Scan the entries below for the word "conteudo". Copy each line that has it.

Source data:
* * * * * * *

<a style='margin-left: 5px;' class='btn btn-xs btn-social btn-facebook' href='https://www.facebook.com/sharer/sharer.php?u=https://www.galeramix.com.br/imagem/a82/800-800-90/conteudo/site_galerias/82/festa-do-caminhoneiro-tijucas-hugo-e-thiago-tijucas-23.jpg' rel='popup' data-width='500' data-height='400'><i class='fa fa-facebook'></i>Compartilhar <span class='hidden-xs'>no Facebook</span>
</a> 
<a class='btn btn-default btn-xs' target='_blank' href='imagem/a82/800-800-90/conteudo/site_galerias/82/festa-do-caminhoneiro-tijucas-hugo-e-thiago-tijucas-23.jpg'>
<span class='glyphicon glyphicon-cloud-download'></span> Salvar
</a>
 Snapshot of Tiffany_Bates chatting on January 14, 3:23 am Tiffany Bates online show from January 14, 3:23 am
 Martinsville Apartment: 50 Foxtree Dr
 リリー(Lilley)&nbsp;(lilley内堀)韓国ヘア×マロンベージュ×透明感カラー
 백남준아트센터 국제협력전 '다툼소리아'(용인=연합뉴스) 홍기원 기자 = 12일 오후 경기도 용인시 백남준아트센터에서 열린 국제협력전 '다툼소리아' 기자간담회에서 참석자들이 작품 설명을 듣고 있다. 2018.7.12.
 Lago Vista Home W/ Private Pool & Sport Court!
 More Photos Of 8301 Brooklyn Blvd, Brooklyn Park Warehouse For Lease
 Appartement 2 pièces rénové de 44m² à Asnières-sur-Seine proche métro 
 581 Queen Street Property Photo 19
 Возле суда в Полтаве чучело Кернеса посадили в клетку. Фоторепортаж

* * * * * * *

The answer:
<a style='margin-left: 5px;' class='btn btn-xs btn-social btn-facebook' href='https://www.facebook.com/sharer/sharer.php?u=https://www.galeramix.com.br/imagem/a82/800-800-90/conteudo/site_galerias/82/festa-do-caminhoneiro-tijucas-hugo-e-thiago-tijucas-23.jpg' rel='popup' data-width='500' data-height='400'><i class='fa fa-facebook'></i>Compartilhar <span class='hidden-xs'>no Facebook</span>
<a class='btn btn-default btn-xs' target='_blank' href='imagem/a82/800-800-90/conteudo/site_galerias/82/festa-do-caminhoneiro-tijucas-hugo-e-thiago-tijucas-23.jpg'>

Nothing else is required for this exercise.